British motorcycle speedway rider

Philip Manston Hart (19 August 1907 – 5 July 1996) known as Tiger Hart during his speedway career was a motorcycle speedway rider from England. He competed in the earliest days of speedway and won two qualifying rounds of the 1938 Individual Speedway World Championship. He earned two international caps for the England national speedway team in unofficial test matches against Australia in 1937.

== Biography==
Hart, born in Balham, London, was described as an Australian racer when he first arrived in Britain during the pioneer years of British speedway in 1930. However, it transpired that Hart had run away to Australia, aged just 16, after an argument with his father over the purchase of a motorbike.
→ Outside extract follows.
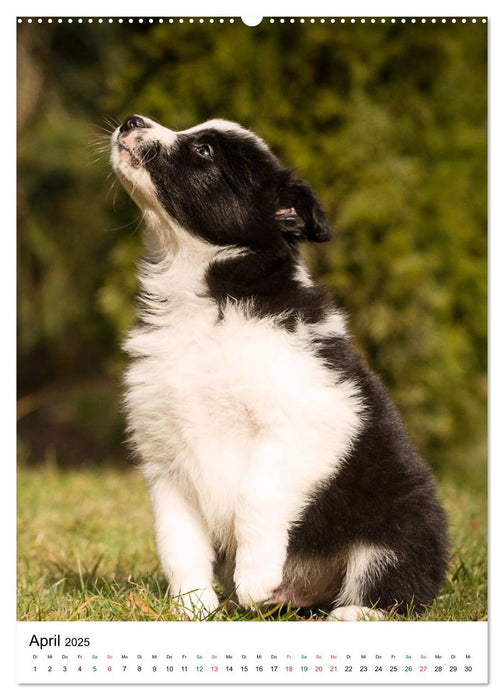 Border Collie Zuckerschnuten (CALVENDO Premium Wandkalender 2025)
He even raced for Australia in an event at the Wessex Stadium in Copnor Gardens, Portsmouth, described as a match between England and Australia.

Hart began his British leagues career riding for High Beech, during the 1931 Speedway Southern League season. The following season, he was signed by the West Ham Hammers, when the Southern and Northern leagues merged to form the National League. Another season was spent at West ham in 1933 before he moved to race for the Plymouth Tigers on loan.
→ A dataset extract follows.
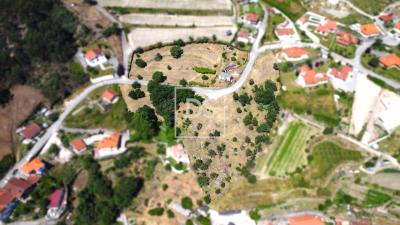 6_0db31c66-b00b-4053-9970-54bd3d2e55ee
Hart transferred from West Ham to Hackney Wick Wolves in 1935, but struggled to find a starting place until 1936, when he raced with Hackney and also with Nottingham in the Provincial League. He also became a favourite at the Arlington Stadium in Eastbourne, winning some events there. In 1937, he only rode in the Provincial league, posting a 7.41 average for the Hall Green/Birmingham Bulldogs and topped their averages in 1938 at 8.82 and became their team captain. He made two appearances for England during 1937, with some newspapers confusing the fact that he was riding for England and not Australia.

In 1938, Hart also rode for a newly formed Eastbourne Eagles in the Sunday Amateur Dirt Track League and averaged 10.27. This was also the season that he had such a good run in the 1938 World Championship. He returned to his parent club Hackney in 1939 but the season was ended early by the outbreak of World War II.

After the war had finished, Hart resumed his speedway career with Birmingham Brummies from 1946 to 1947. He topped their averages in 1946.

After he retired, Hart became the team manager at Tamworth Hounds and later the Birmingham Brummies.